Then I pointed out to her that there was no way the words of that quote could be construed so as to make them mean what she thought they meant. There is not a hint of gratitude in that lame joke. She said she knew that but she didn't care, it was the way it made her feel. I went on to say that Woody Allen's larger point is that life is morally meaningless. And he isn't fooling around about this. He made two movies that went so far as to say that even murder has no moral significance beyond the initial shock it causes.

She'd stopped paying attention long before I finished. She didn't care, she had her quote that made her feel thankful for the good and the bad. And I thought of Corrie ten Boom in the concentration camp being thankful for the lice that infested the place because it meant the guards inspected the place less often allowing the prisoners to read the Bible they had hidden more often. Not because I can even begin to imagine what that is like but because Corrie ten Boom at least used words and sentences that actually meant something to express her gratitude.

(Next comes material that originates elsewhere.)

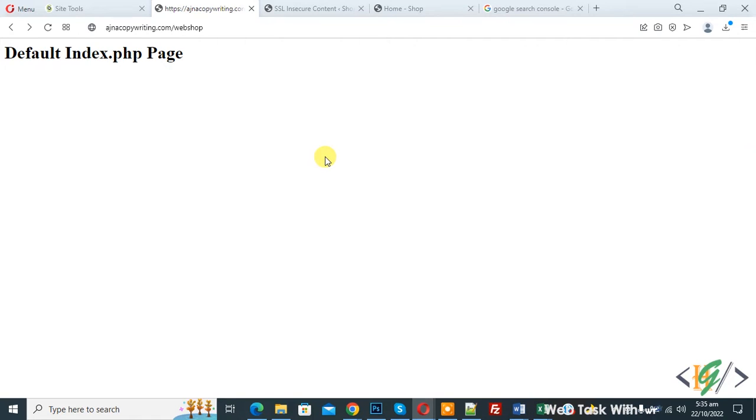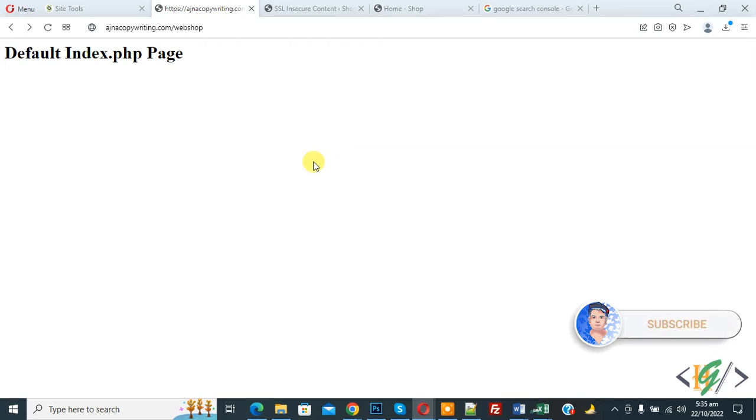Bismillahirrahmanirrahim. Assalamualaikum, my name is Asan and today we are going to change our default index.php page in website using .htaccess file.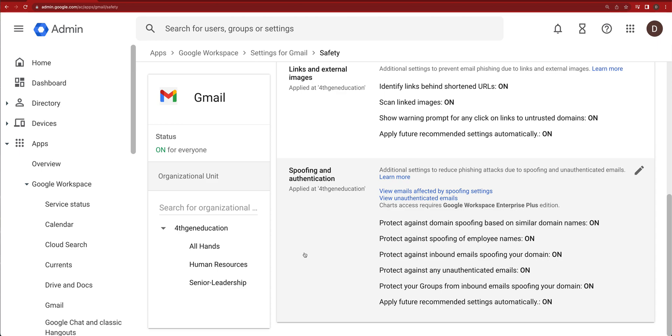A lot of things are going to go on when you set this stuff up under Gmail. You're going to be in settings for Gmail and you're going to be in Safety. Now inside of that, at the bottom, you're going to see something called Spoofing and Authentication.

I've often mocked the religion of SIMU (Shit I Made Up) but this isn't even that. It's a religion with no content at all not even stuff that was made up. I suspect my friend read or heard somewhere that it's good for you to be grateful and so she has pulled a random quote that she likes and associated it with gratitude "for both the good and the bad".

It's a sort of wimpy nihilism and I've written about this before.
In real life, though, being a martyr for nihilism is a grim and depressing choice so we find ways to make the second choice look morally admirable. You sit in the audience and watch the nihilistic movie and then you go to a party where you and a bunch of your friends collectively pretend to be edgy and transgressive and a whole lot of other words that mean a little less every time you think about them. The nagging doubt that you are just being dilettantes is always there but you are still alive and you can even have quite a bit of fun.
But what about the politics of such people? According to Pew, they make up one fifth of Americans. They probably make up more than that, truth be told, as there are lots of people who go to church regularly or semi-regularly whose beliefs are about as fuzzy.

I suspect that virtually all of these people think of themselves as liberals. Not because liberalism is nihilistic or deeply flawed but because it's what the cool kids believe and therefore is the place where people with no real beliefs of their own are most likely to land. Ask them to explain what liberalism is, however, and they won't have a clue what to say beyond arguing that it is what people with common sense and decency believe.

1 comment:

  1. Although I agree with what you say about nihilism (and Woody Allen), if I'd been present I'd have taken sides with your friend on the specific quote (though not to the point of being grateful for the bad, if that is really what she meant).

    The joke says, 'Life really isn't all that bad, so lighten up a bit. You really love it and you know you do, you silly Malvolio, you.' I don't know where she gets being thankful for the bad from, but the joke certainly turns one away from the absurd obsession of bad and reminds one that we all love life and hope it never ends. This is not nihilism.